Sunday, 30 April 2017

A vegetarian gives me a useful lesson

It’s always salutary to be taught a lesson about your own character.

When the process comes in combination with an excellent meal, the experience becomes invaluable in so many ways. He wins every point, some ancient once said, who mixes the useful with the agreeable. And that was certainly the case here.

It’s not easy to be a vegetarian in Spain. When one of my sons, then still a vegetarian, first moved to the country his announcement that he wanted a vegetarian meal would be greeted by waiters with the statement, “Yes, sir. How would you like your potatoes?” But ten years on, things have changed. Today, in Valencia, which we’re visiting with a vegetarian friend, there is quite a choice not only of vegetarian but even of vegan restaurants.

We booked for one to celebrate my wife’s birthday. When we turned up, however, the manager could find no trace of the booking. At first she denied it had been made but then, as she carried on talking to our daughter-out-law who’d made the reservation, a terrible awareness grew on her.

“It was me, wasn’t it?” she asked, “I spoke to you on the phone.”

In the end she apologised profusely and with great unhappiness. “Come back tomorrow,” she implored us, “the meal will be on me.”

But I was in no mood to be forgiving. I was tired – it had taken us the best part of half an hour to walk to the place – and hungry – the Spanish like to eat late by my standards – and I was in no mood to tolerate poor service.

“Come on,” people kept saying to me, “everyone makes mistakes. After all, you can’t claim never to make any, can you?”

These are people who’ve known me far too long for me to get away with any such claim. Besides, I pride myself on recognising my mistakes and trying to learn from them. So I limited myself to grumbling about bad TripAdvisor reviews.

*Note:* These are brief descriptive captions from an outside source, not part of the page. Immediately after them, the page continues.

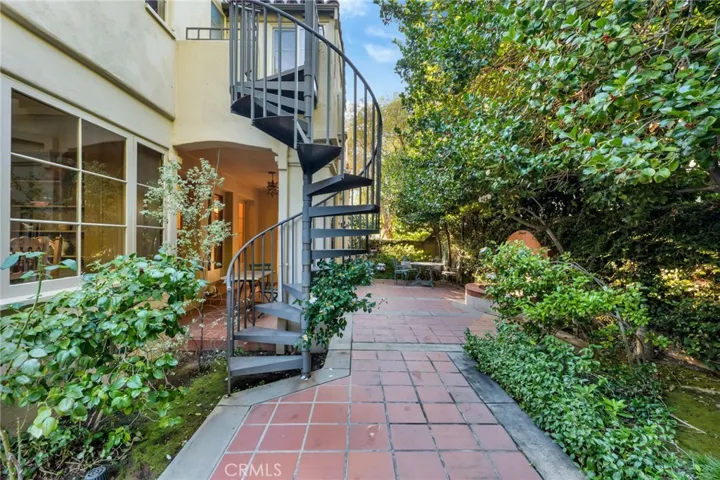 Fountain patio walkway from pool. Outdoor staircase form bedroom 2 sunroom.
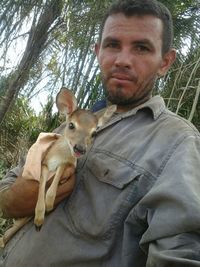 Portrait of man with dog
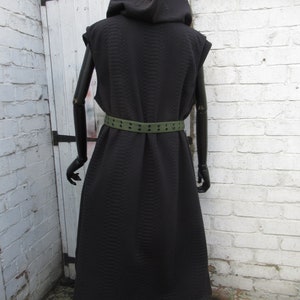 May include: A black hooded vest with a textured pattern, sleeveless design, and a matching black belt. The vest is long, reaching the ankles, and is displayed on a mannequin. The belt is olive green with evenly spaced holes.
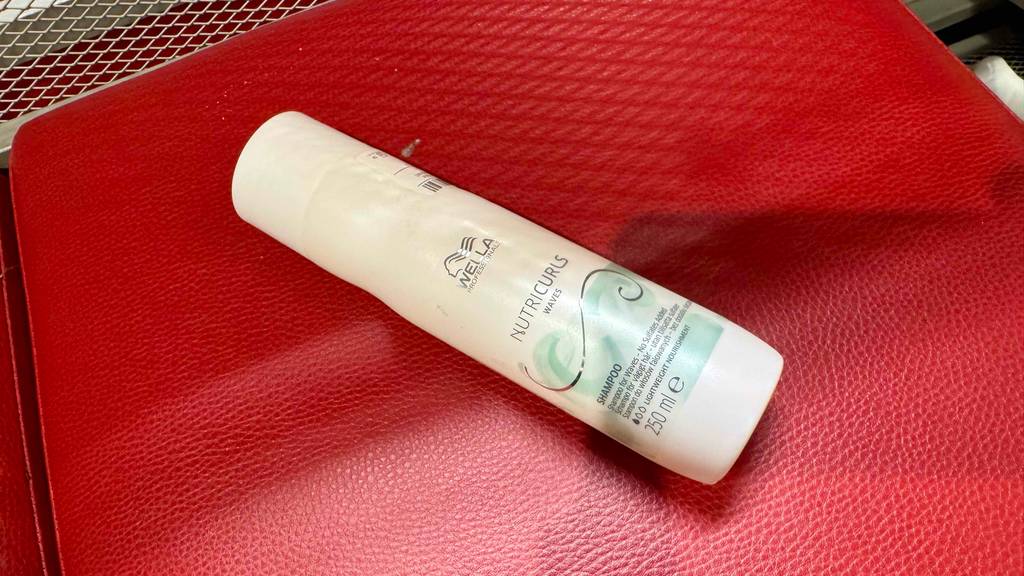 Getestet: Ein Wella-Shampoo in der weißen Kunststoffflasche liegt auf einem roten Lederbezug.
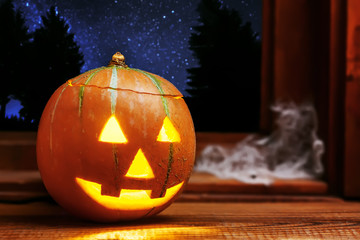 Halloween pumpkin head jack o lantern near window, night sky full of stars on background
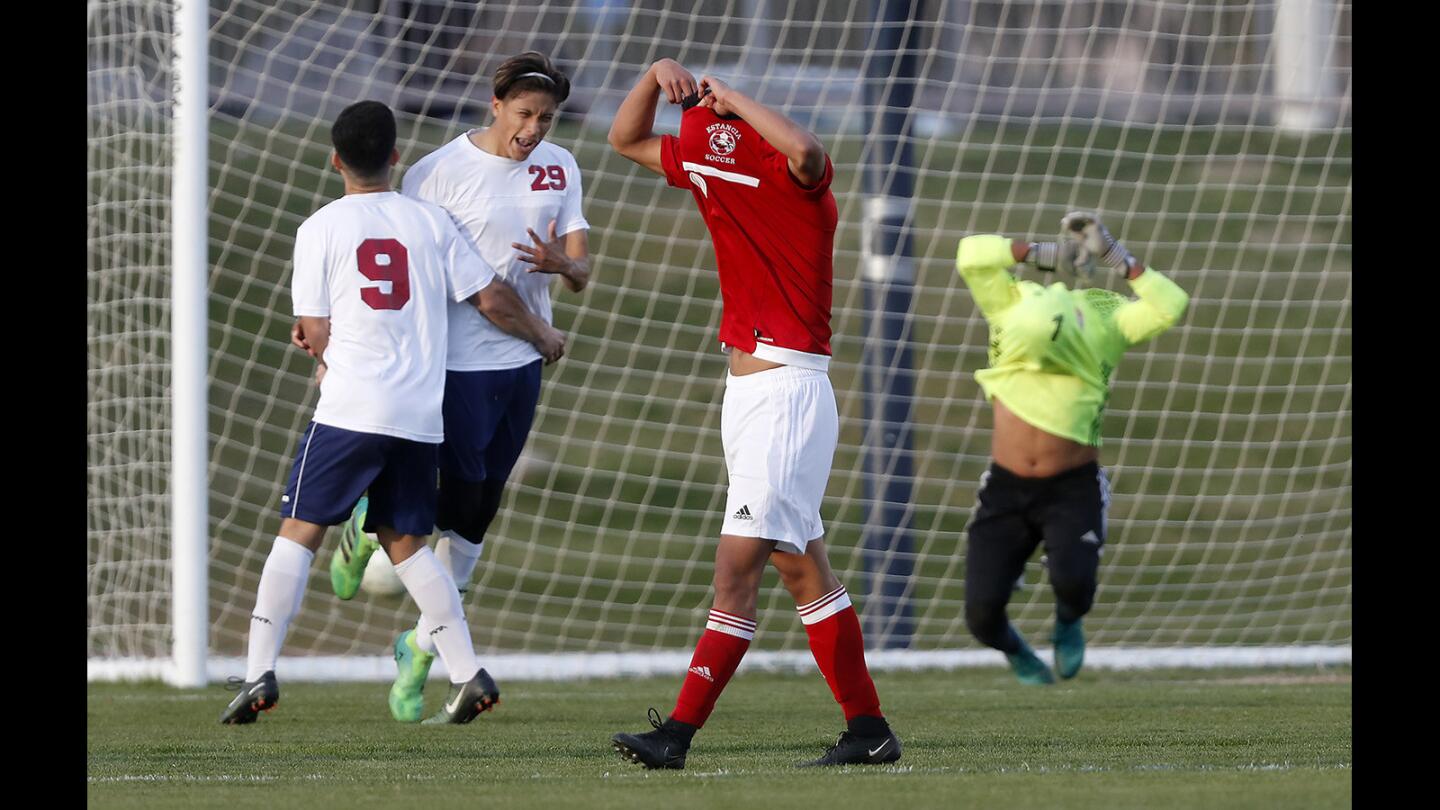 Estancia High's Rafael Espinoza, center, and goalkeeper Yonathan Lopez, right, react after La Quinta's Cesar Rodriguez (29) scores a penalty kick in overtime to defeat the Eagles, 2-1, in the second round of the CIF Southern Section Division 3 playoffs on Wednesday at La Quinta High School.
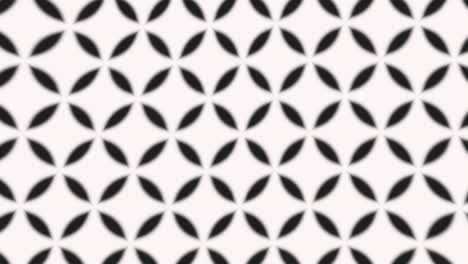 Geometric black and white grid pattern with sharp-edged squares and rectangles, repeated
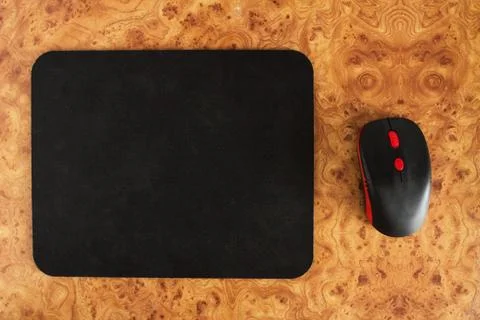 Computer mat and computer mouse on a brown patterned background, close-up Foto stock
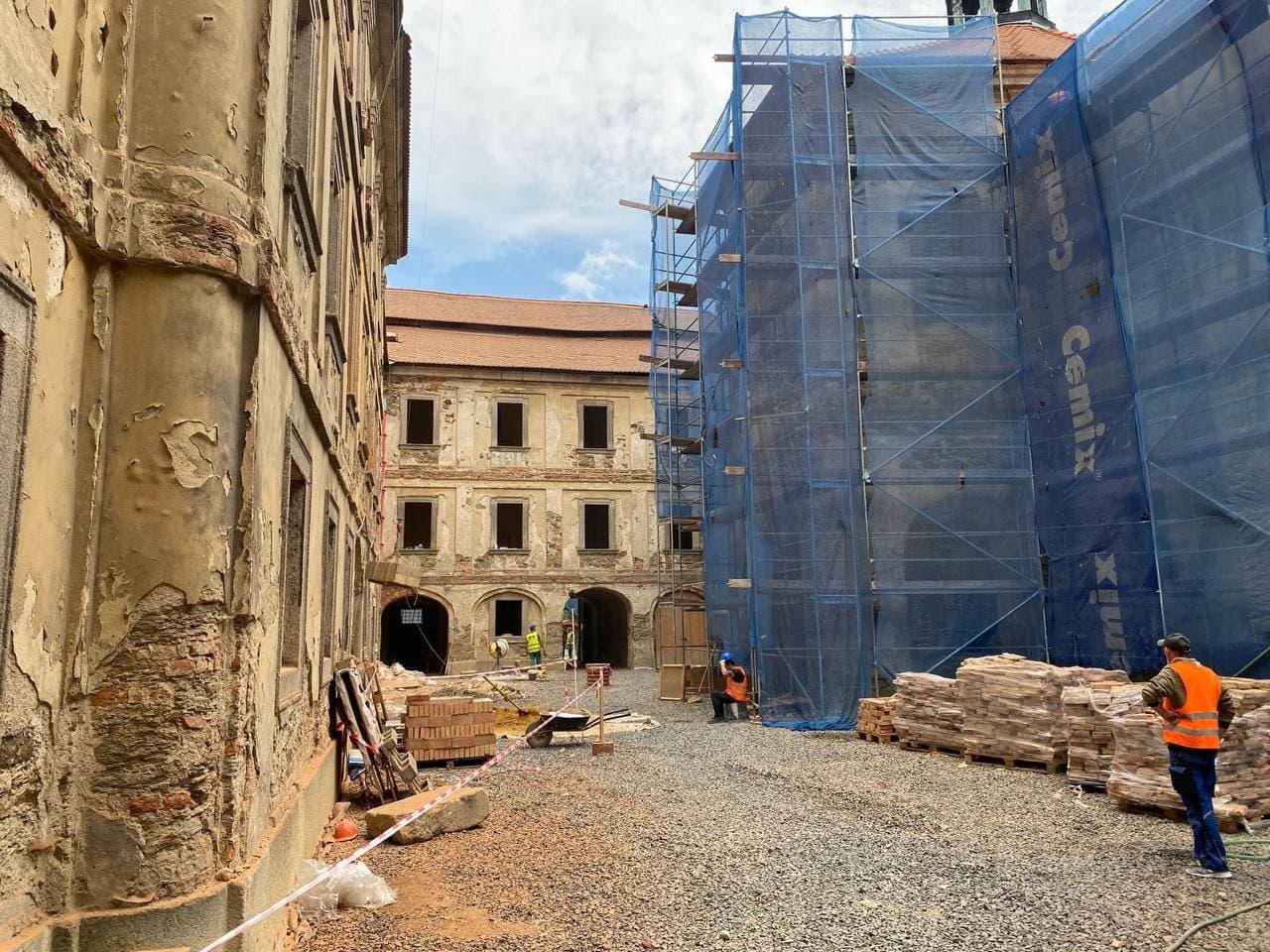 Obnova fasád historického areálu — lešení a probíhající práce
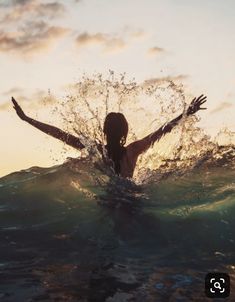 a woman standing in the water with her arms out and hands outstretched above her head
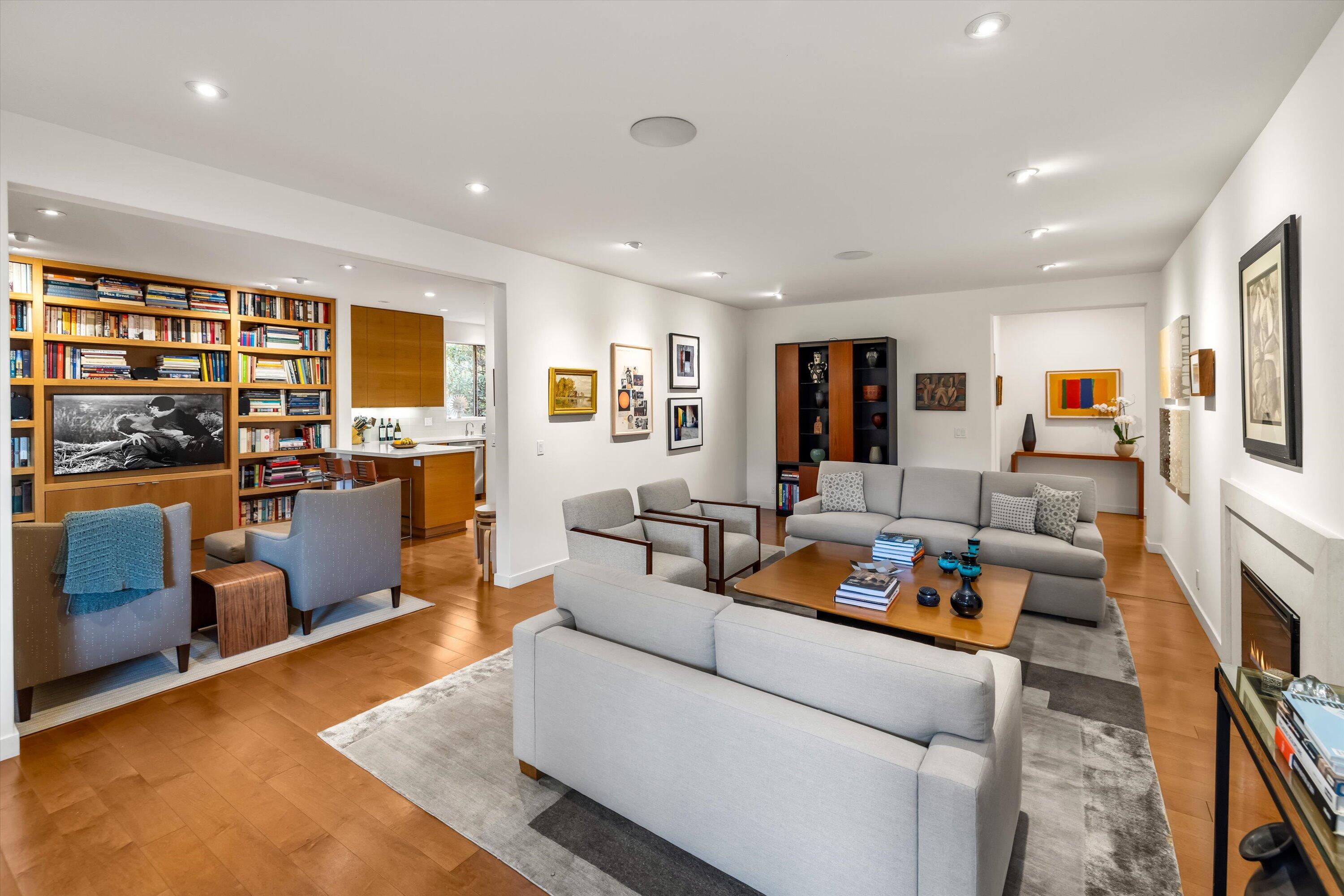 a living room with furniture and a table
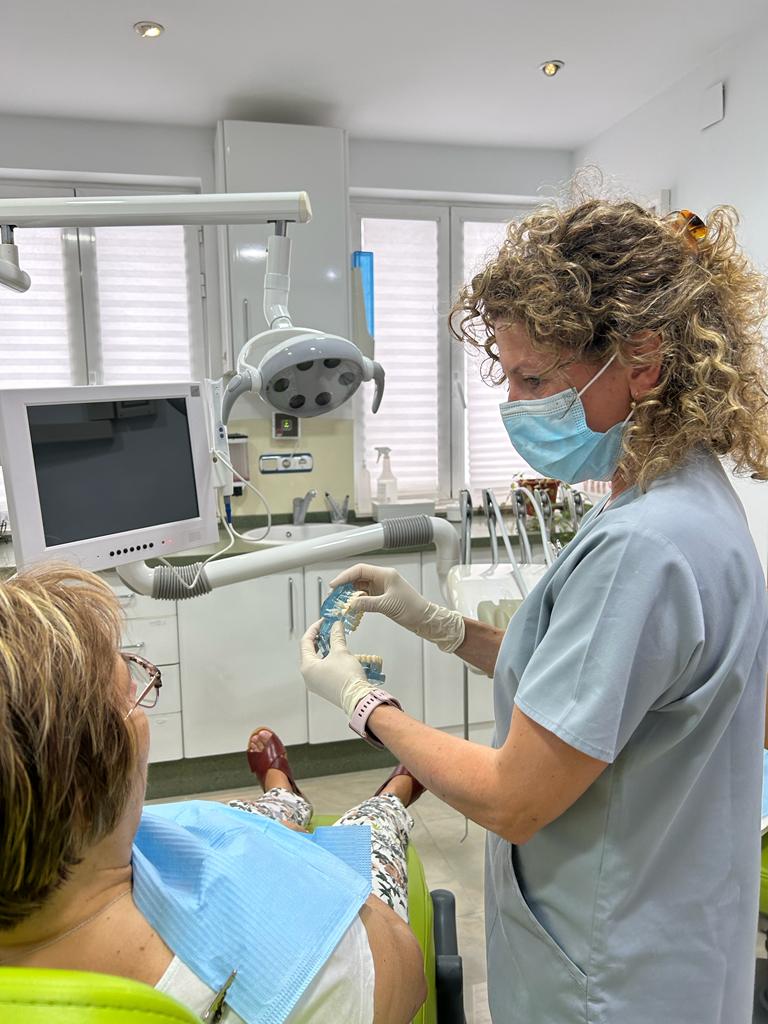 Dentista en Propiodent enseñando a paciente protesis dental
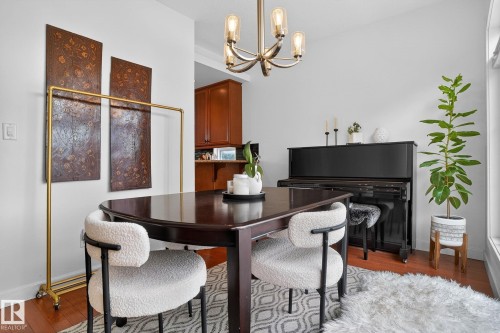 Dining space featuring hardwood / wood-style floors and suspended lighting - 1 9561 143 Street Nw, Edmonton, AB - Indoor Photo Showing Dining Room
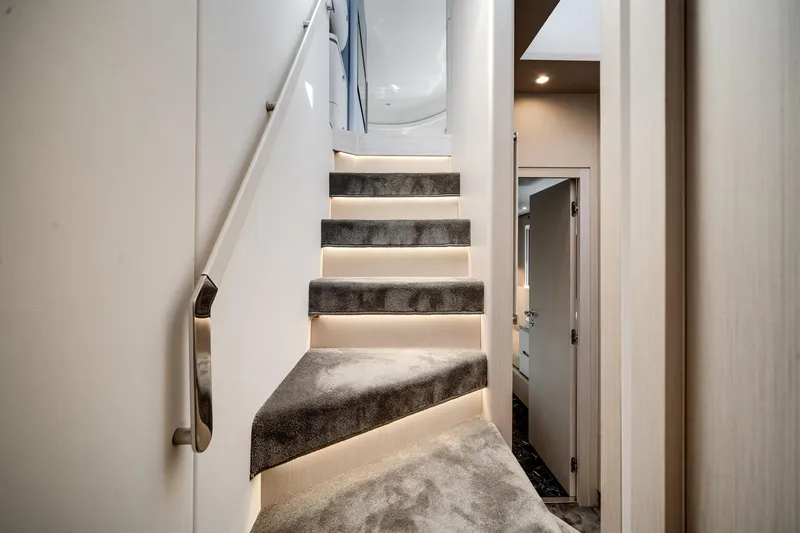 Slide: The Image of Luxurious interior staircase of 2023 Azimut Fly 68 yacht with modern lighting. - 32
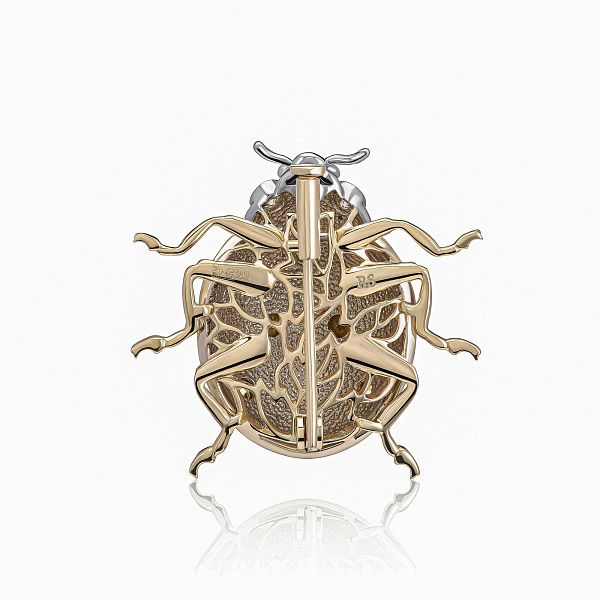 Брошь из желтого золота с бриллиантами и сапфирами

The next day, I kept demanding that we phone to confirm the reservation before we walked back to the restaurant. But no one did. There was general if unspoken consensus that we ought to trust the manager and that, however much I might want to bear my grudge, as a group we weren’t going to.

And I must admit they and not I were wholly right. We turned up and were shown straight to our table, not even by the manager but by another waitress. She smiled, sat us down and told us the menu they’d planned for us. It was excellent.

The Restaurant Manager
Warmhearted, kind, friendly.
Not at all a suitable object for my resentment
When the manager appeared, I attempted to explain to her that we’d pay for the meal, and when she refused, that we would at least pay for the wine. She refused that too and when she went so far as to place a kiss on my cheek, I really couldn’t maintain any further resentment against her.

Why, she even served my wife a slice of a cake with a candle on it as a belated birthday greeting.

In the end we did the opposite of a runner: we fled the restaurant having left enough money on the table to cover at least the wine and the service.

My TripAdvisor review is, of course, outstanding. After all, I’ve had a great meal. And an invaluable lesson in what tolerance really means, when you live it instead of just paying lip service to it.